Bill thought my appointment was at 1:30pm, but it was actually at 1:45. I got a reminder email yesterday, but I must have missed the time on it, which figures, since Bill is the one who booked them. No matter… things were moving along pretty well when we got there. I checked in, stood in line at what used to be the “strip mall” on post in Wiesbaden before the latest PX was built, and through a very well orchestrated system, got my injection. It was surprisingly easy. The shot didn’t hurt at all. In fact, I barely felt it. After I got the shot, I easily made an appointment for the the next one by using my phone. Today, there’s a very mild soreness, minor swelling, and an oval of redness around my injection site, but so far, other than that, I have had no ill effects.

I have an appointment to get the second shot on June 9th, which is just before my next birthday. I won’t be quite at two weeks post inoculation on the day itself, but a few days after I turn 49, I should be considered fully vaccinated. Maybe that means a big trip down to Stuttgart, so we can finally see the dentist again. While I’d rather go somewhere more interesting and exciting, we do need to do a quick trip so Noyzi can get acquainted with the lady who takes care of the boys when we travel. I don’t think Noyzi will have any problems. He spent most of his first two years in boarding down in Kosovo. Still, it’s good to do a quick test run, just to make sure there won’t be any serious issues. We need to get him a European Pet Passport, too. We have one for him, but it’s from Kosovo, and Kosovo is not in the European Union. I don’t think we’ll be traveling much with him, since he’s so big, but it’s always good to have the passports. It makes things easier for the Tierpensions, too.

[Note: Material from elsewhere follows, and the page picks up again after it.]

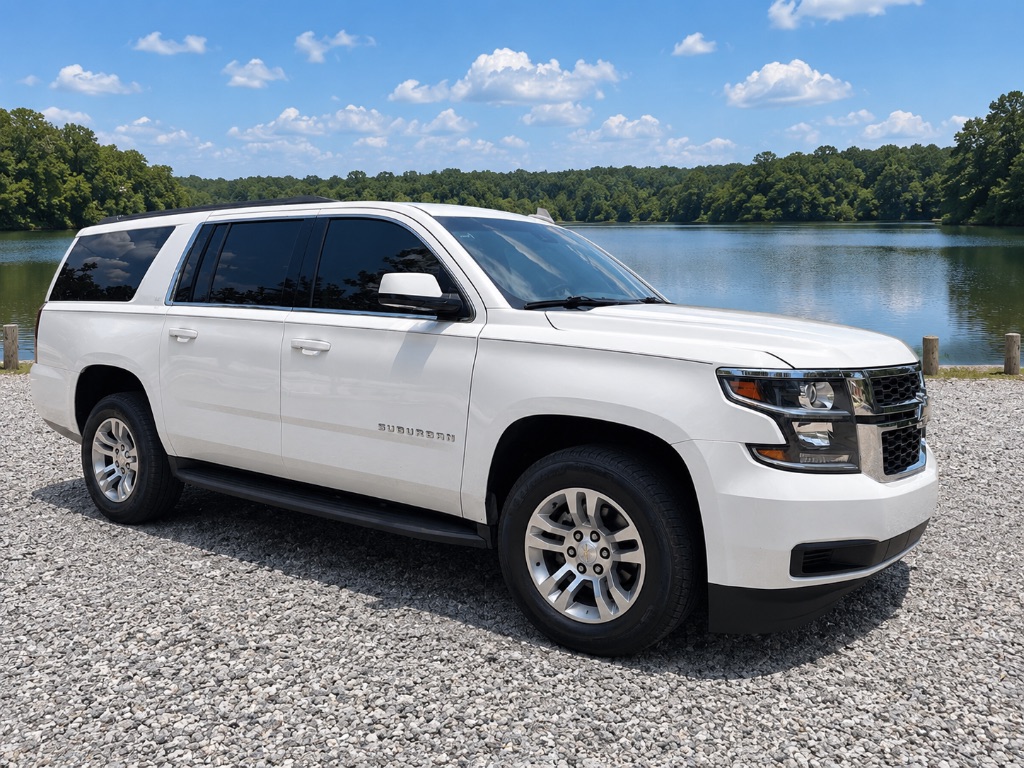 2019 Chevrolet Suburban - $17,999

I feel kind of privileged to have my first shot. The vaccines are still kind of slowly rolling out here, and a lot of Germans are languishing without access to the shots. I’ve read that a lot of what is available is the AstraZeneca vaccine, which is worrisome for some people due to its association with blood clots. But the risk is probably minimal in the grand scheme of things.

Anyway… I’m glad to finally be on the road to being vaccinated against COVID-19. The shot may not prevent me from getting sick, but it will probably help make things safer and more normal. I have really had my fill of being locked down, even if I have gotten pretty good at playing “Redemption Song” on my guitar. It’s time to enjoy living again, and the more people who get the vaccine, the sooner that can happen.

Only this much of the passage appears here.